== Data shown

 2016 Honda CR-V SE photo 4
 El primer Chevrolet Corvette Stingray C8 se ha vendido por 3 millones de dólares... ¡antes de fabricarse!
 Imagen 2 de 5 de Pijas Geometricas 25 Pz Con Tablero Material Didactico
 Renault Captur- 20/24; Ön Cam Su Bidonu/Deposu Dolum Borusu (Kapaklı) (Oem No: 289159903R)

====
== Data shown

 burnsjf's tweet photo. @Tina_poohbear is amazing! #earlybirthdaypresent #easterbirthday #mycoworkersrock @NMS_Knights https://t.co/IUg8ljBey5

====

_Action item_
For every line in the records above that holds "photo", add one, and report the sum alone.

_Reply_
2